The integral in question is as follows:
$$ \int \frac{dx}{(x^2 - 1)^2} $$
This question is in a chapter about integration by partial fractions, but I wanted to try using trigonometric substitution $$ \left\{\begin{align} x &= \sec\theta \\ dx &= \sec\theta\tan\theta \,d\theta \end{align}\right. $$ to solve it. What I did: \begin{align} \int \frac{dx}{(x^2 - 1)^2} &= \int \frac{\sec\theta\tan\theta \,d\theta}{\tan^4\theta} \\ &= \int \sec \theta \cot^3 \theta \,d\theta \\ &= \int \csc\theta \cot^2 \theta \,d\theta \\ &= \int \csc^3\theta \,d\theta - \int \csc \theta \,d\theta \\ &= -\frac{1}{2}\csc \theta \cot \theta + \frac{1}{2}\ln|\csc \theta - \cot \theta| - \ln|\csc \theta - \cot \theta| + C \\ &= -\frac{1}{2}(\csc \theta \cot \theta + \ln|\csc \theta - \cot \theta|) + C \end{align}
I drew a triangle with $ x = \sec\theta $, with a hypotenuse of length $ x $ and adjacent of length $ 1 $, so I obtained $ \csc \theta = \frac{t}{\sqrt{t^2 - 1}} $ and $ \cot \theta = \frac{1}{\sqrt{t^2 - 1}} $. After I substituted these back in, I got
$$ = -\frac{1}{2}\left(\frac{t}{\sqrt{t^2 - 1}} \frac{1}{\sqrt{t^2 - 1}} + \ln\left|\frac{t}{\sqrt{t^2 - 1}} - \frac{1}{\sqrt{t^2 - 1}}\right|\right) + C $$
$$ = -\frac{1}{2}\left(\frac{t}{t^2 - 1} + \ln\left|\frac{t-1}{\sqrt{t^2 - 1}}\right|\right) + C $$
Now, the correct answer the book gave is
$$ \frac{1}{4}\left(\ln|t + 1| - \frac{1}{t+1} - \ln|t - 1| - \frac{1}{t - 1}\right) + C $$
I was able to use partial fraction decomposition on the $ \frac{t}{t^2 - 1} $ and properties of logarithms to get the same answer as given, however, I had to add an absolute value sign under the square root in order to get the correct absolute values inside the logarithms, i.e.
$$ \ln\left|\frac{t-1}{\sqrt{t^2 - 1}}\right| $$ had to be changed to $$ \ln\left|\frac{t-1}{\sqrt{|t^2 - 1|}}\right| $$
I'm not sure why I missed this absolute value.

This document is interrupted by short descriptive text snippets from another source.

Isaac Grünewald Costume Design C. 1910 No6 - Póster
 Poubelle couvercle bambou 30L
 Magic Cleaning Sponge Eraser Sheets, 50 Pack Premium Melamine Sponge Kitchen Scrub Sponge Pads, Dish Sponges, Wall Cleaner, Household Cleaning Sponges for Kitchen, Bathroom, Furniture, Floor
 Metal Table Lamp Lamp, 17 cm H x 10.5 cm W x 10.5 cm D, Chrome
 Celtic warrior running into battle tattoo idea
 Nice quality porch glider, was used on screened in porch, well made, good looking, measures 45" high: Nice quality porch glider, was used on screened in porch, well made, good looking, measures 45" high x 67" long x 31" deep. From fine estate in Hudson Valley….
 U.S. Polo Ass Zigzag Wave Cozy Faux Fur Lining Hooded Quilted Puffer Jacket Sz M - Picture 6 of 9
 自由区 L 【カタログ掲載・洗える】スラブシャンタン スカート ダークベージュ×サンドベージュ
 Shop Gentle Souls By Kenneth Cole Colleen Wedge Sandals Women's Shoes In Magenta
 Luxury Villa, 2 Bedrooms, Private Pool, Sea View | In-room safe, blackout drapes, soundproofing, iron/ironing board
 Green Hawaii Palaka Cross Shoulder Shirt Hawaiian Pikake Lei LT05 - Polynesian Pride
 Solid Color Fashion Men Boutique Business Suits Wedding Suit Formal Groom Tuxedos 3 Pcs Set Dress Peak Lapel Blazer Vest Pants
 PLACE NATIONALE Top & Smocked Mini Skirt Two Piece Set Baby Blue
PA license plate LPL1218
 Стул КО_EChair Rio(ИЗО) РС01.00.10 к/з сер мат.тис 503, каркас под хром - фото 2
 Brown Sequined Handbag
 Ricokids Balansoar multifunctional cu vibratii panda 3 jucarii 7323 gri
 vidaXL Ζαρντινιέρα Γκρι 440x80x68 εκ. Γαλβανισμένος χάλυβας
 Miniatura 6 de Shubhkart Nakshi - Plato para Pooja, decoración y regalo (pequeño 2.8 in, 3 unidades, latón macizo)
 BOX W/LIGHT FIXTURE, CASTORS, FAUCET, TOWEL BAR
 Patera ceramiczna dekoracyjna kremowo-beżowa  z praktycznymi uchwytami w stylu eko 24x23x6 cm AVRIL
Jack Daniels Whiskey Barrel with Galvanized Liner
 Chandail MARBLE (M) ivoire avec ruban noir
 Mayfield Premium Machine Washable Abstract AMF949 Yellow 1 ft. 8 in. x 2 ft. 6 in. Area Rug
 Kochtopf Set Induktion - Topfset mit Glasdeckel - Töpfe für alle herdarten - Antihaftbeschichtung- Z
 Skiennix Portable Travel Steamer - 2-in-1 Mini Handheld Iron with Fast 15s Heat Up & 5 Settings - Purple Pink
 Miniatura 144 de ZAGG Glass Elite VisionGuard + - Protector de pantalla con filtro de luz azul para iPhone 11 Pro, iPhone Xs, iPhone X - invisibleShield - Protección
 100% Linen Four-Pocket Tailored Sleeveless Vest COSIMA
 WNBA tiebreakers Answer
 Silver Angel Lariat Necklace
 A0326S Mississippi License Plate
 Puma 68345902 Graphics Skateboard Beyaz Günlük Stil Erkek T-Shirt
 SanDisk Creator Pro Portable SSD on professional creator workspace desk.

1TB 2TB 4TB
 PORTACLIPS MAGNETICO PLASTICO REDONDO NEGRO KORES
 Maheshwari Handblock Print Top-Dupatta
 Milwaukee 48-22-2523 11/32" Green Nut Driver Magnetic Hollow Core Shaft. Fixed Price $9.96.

Why did using trigonometric substitution produce an almost-correct answer, off by an absolute value sign in this case?
Integration by parts
To avoid being troubled by the convention between trigonometric functions, we can try to integrate by parts. $$ \begin{aligned} \int \frac{d x}{\left(x^2-1\right)^2}&=-\frac{1}{2} \int \frac{1}{x} d\left(1+\frac{1}{x^2-1}\right) \\ & =-\frac{1}{2}\left[\frac{x}{x^2-1}+\int \frac{1}{x^2-1} d x\right] \\ & =-\frac{1}{2}\left[\frac{x}{x^2-1}+\frac{1}{2} \ln \left|\frac{x-1}{x+1}\right|\right]+C \\ & =-\frac{x}{2\left(x^2-1\right)}+\frac{1}{4} \ln \left|\frac{x+1}{x-1}\right|+C \end{aligned} $$ Wish it helps!